Join us for the reading of a work in progress by one France's most significant young playwrights.

World Voices: PENDA DIOUF (Senegal / France)
World Voices: PENDA DIOUF (Senegal / France)

Time & Location

May 18, 2026, 4:00 PM – 5:30 PM

Martin E. Segal Theatre Center, 365 5th Ave, New York, NY 10016, USA

Guests

About the event


Join us for an evening with Penda Diouf--one France's most significant emerging playwrights for the reading of a work in progress about the queer African-American composer Julius Eastman.


Penda Diouf (Senegal/France), is a French playwright, librettist, and actress of Senegalese-Ivorian heritage whose work explores identity, invisible histories, colonial legacies, and ecological themes. Based in Lille, she began writing plays at nineteen, and her very first work, Poussières, was selected by the Comédie-Française in 2010.

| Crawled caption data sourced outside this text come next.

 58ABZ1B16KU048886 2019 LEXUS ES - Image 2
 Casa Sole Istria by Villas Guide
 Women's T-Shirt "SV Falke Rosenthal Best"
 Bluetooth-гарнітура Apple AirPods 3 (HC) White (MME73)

Her play La grande Ourse won the Text'avril Festival Jury Prize in 2018, the Collidram Prize in 2021, and was a finalist for the Prix Sony Labou Tansi in 2022. Her autobiographical play Pistes… won the La Chartreuse reading committee prize and the award for best German radio fiction in 2022, and was broadcast on France Culture. In 2023, she received the SACD Prize for Upcoming Talents, and in 2025 she staged Pistes… herself and created a musical performance with composer Cloé du Trèfle.

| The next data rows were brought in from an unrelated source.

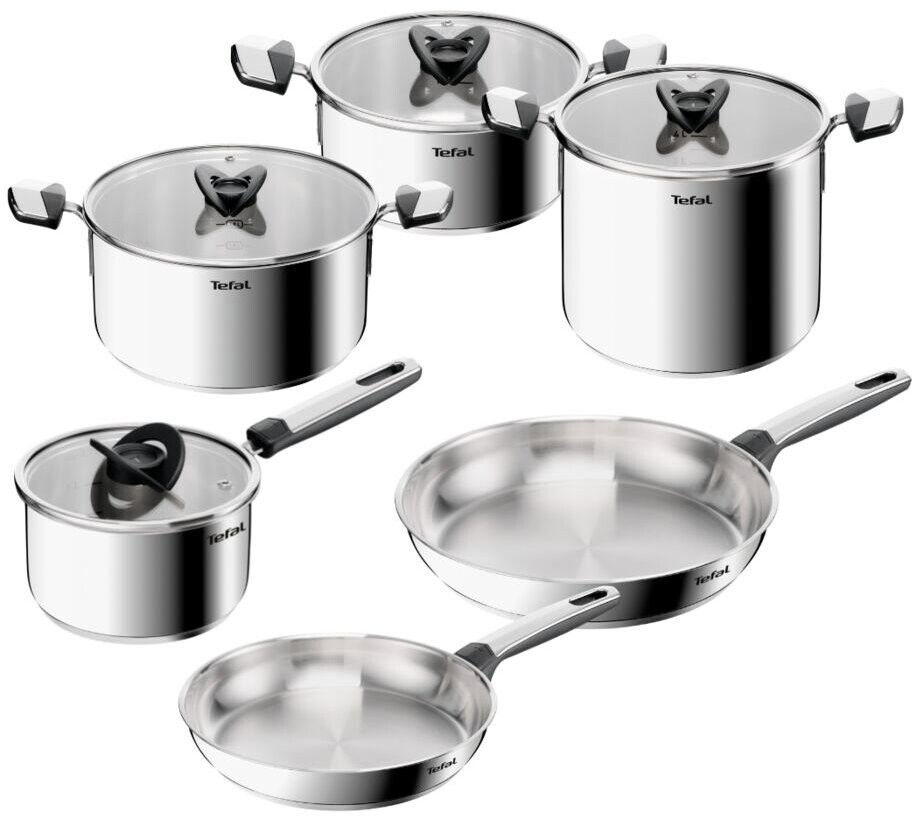 Tefal Sada riadu 10 ks Emotion + E335SA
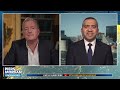 'Are You Pleased He's Dead?' Piers Morgan Grills Mehdi Hasan on Iran Ayatollah | Plus Sam Asghari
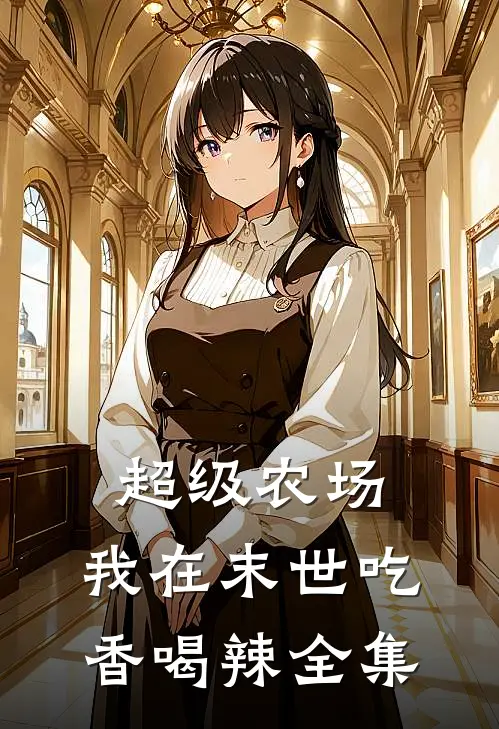 超级农场：我在末世吃香喝辣全集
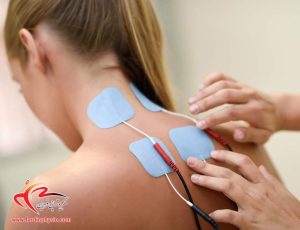 درباره این مقاله بیشتر بخوانید درمان گرفتگی عضلات با الکتروتراپی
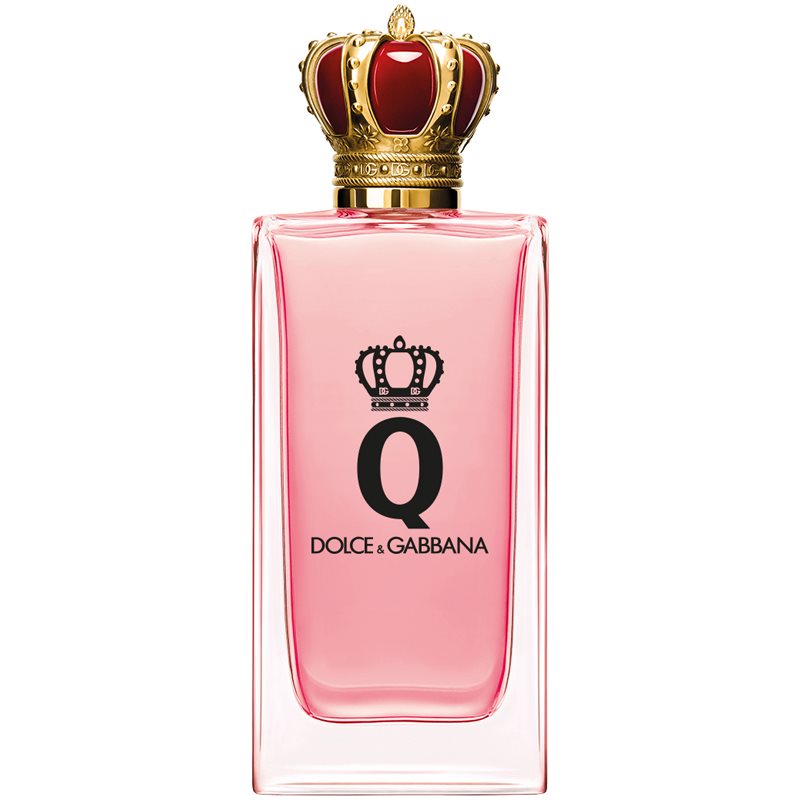 DolceGabbana Q by DolceGabbana EDP parfumovaná voda pre ženy 100 ml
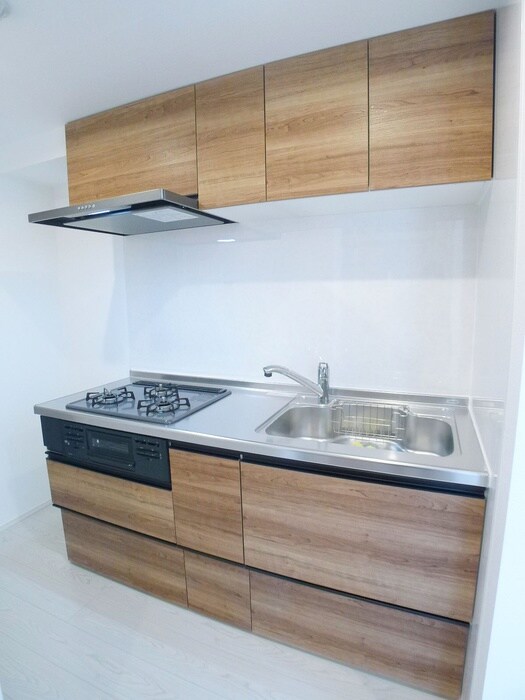 物件内観写真9　(キッチン)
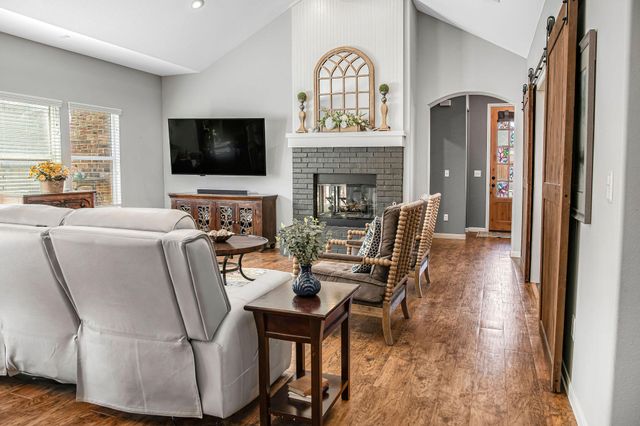 10117 Chicago Avenue, Lubbock, TX 79424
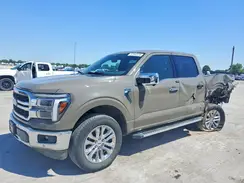 1FTFW5L57SFA47247 2025 FORD F-150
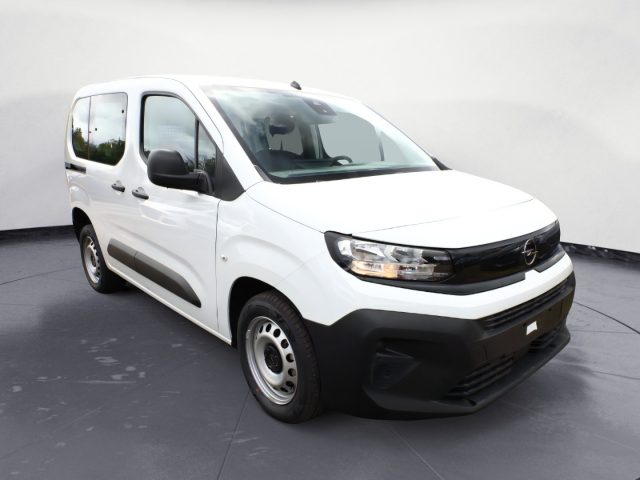 OPEL Combo Cargo 1.5 Diesel 100CV S&S 5/Posti 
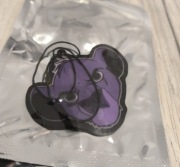 Odświeżacz powietrza Młody Simba Szpaku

Her most recent play, Sœurs, nos forêts aussi ont des épines (2024), was staged in 2025 by director Silvia Costa. Also in 2025, her play May Landschaften received its world premiere at Theater Münster in a German translation. Her plays have been translated into German, English, Portuguese, Armenian, Czech, and Finnish, and she has held writing residencies at the Royal Court in London, the Institut Français in Tunis, the Villa Albertine in New York, and the Théâtre National de Strasbourg. Together with Anthony Thibault, she co-founded Jeunes Textes en Liberté, which supports emerging playwrights and promotes greater diversity in theatre.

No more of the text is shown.